- **Task**:
Skip the pictures. Output only the lines below starting at the line with "同样是奔三的女星，宋轶深夜素颜白到发光，虞书欣盛装出席被喷丑" and ending at the line with "Tesla Model Y Rear-Wheel Drive - ფოტო 2", both ends included, exactly as they are.

- **Information given**:
◆ ◆ ◆ ◆ ◆

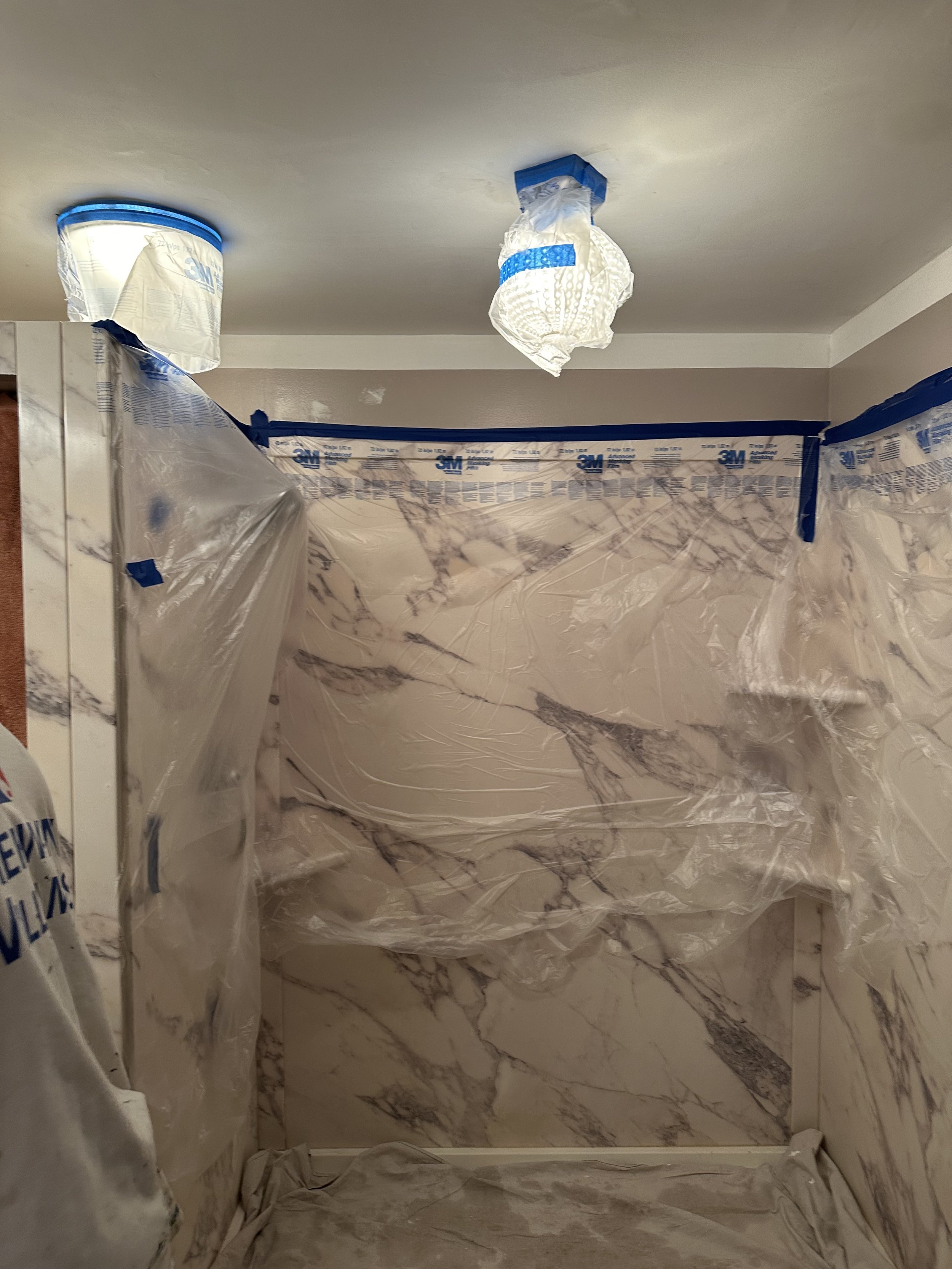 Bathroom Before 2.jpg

◆ ◆ ◆ ◆ ◆

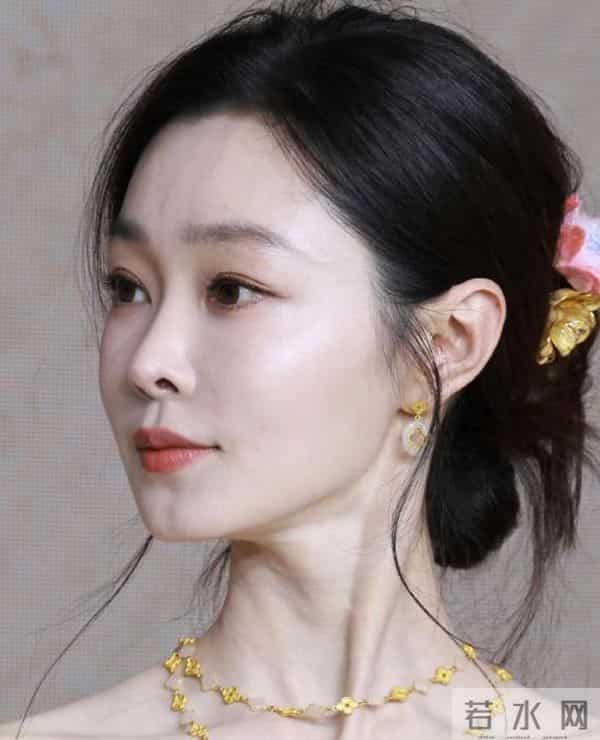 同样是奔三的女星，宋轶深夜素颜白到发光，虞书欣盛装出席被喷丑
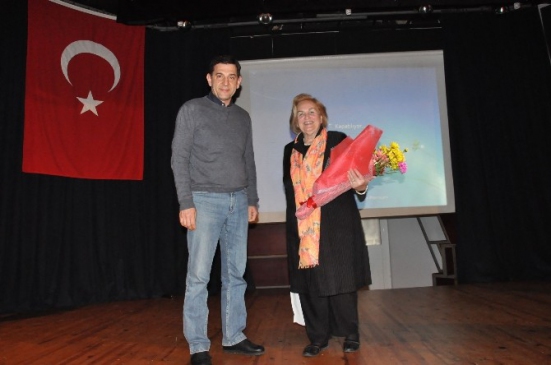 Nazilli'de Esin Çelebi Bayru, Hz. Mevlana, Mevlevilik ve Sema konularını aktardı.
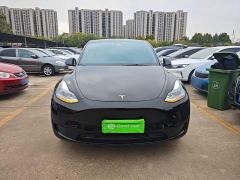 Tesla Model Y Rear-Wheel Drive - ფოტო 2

◆ ◆ ◆ ◆ ◆

- **Response**:
 同样是奔三的女星，宋轶深夜素颜白到发光，虞书欣盛装出席被喷丑
 Nazilli'de Esin Çelebi Bayru, Hz. Mevlana, Mevlevilik ve Sema konularını aktardı.
 Tesla Model Y Rear-Wheel Drive - ფოტო 2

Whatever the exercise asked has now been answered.